I feel as though I'm retracing lines in a book, over and over again, watching the pen marks deepen and widen. But this is life: some sort of motion that looks like a sine wave but feels more like a circle. Every transition—the wishing, the getting, the releasing—is different and yet the same. And yet, that doesn't make each one any less hard. So I'm here, still gripping on to the bits of myself that have stayed the same while staying open to what newness might develop. 

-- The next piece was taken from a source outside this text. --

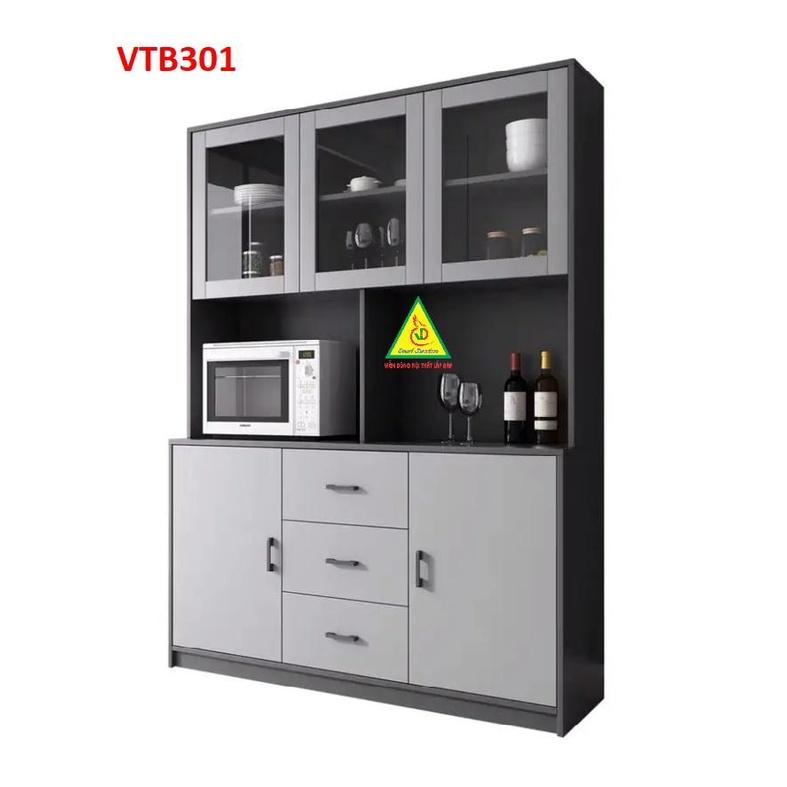 Tủ bếp, tủ nhà bếp VTB301 - Nội thất lắp ráp Viendong Adv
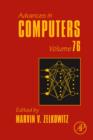 Image for Advances in computersVolume 76 : Volume 76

A kind of light spread out from her. And everything changed color. And the world opened out. And a day was good to awaken to. And there were no limits to anything.

— East of Eden

After a morning of antiquing, we stopped to have lunch at Preservation Bread and Wine in downtown Geneva. Why we had yet to dine there, I do not know. Small plates are our favorite way to eat and their charcuterie and cheese options are amazing. It's tucked into a narrow building with exposed brick and close tables, and filled with the smell of grilled dough.  The wine list is eclectic and fun with a good mix quality, affordable wines. But it was the slab of slate hosting large crostinis topped with a savory and sweet bacon jam, peppery arugula, and tangy blue cheese that gripped me.

The following morning I set out to find a recipe that I could replicate and share for an upcoming dinner party. Thankfully, my neighbor Katie shared her version with me. I made only a slight modification from her original: cooking the bacon first so that the onions can cook down and caramelize in the drippings, adding a little more depth and flavor. There are a handful of other recipes I'd still like to try, but this one is a simple one to begin with. 

DSC07298.JPGDSC07298.JPG

BACON JAM CROSTINI

  •  1/2 lb of thick cut hardwood smoked bacon cut into 1-inch pieces
  • 1 red onion, thinly sliced
  • 1 tsp of apple cider vinegar
  • 1 cup dried pitted dates
  • Black pepper to taste
  • French baguette
  • Butter
  • Arugula, washed and dried
  • A good blue cheese of your liking 
  1. Using a cast iron skillet, cook bacon on medium-high heat until done but not crispy. Use a slotted spoon to remove the bacon from the pan. 
  2. Toss in your onions. Stir constantly to keep your onions cooking, but not burning, until they turn deep in color.
  3. Add your caramelized onions (plus any remaining drippings), bacon, dates, and pepper into a food processor and pulse until smooth. 
  4. Slice your baguette into 1/2-slices, spread a thin layer of butter on both sides, then add to a heated pan. Toast both sides until golden brown.
  5. Remove your grilled bread from the pan, top with the bacon jam, a layer of arugula, and a few sprinkles of blue cheese.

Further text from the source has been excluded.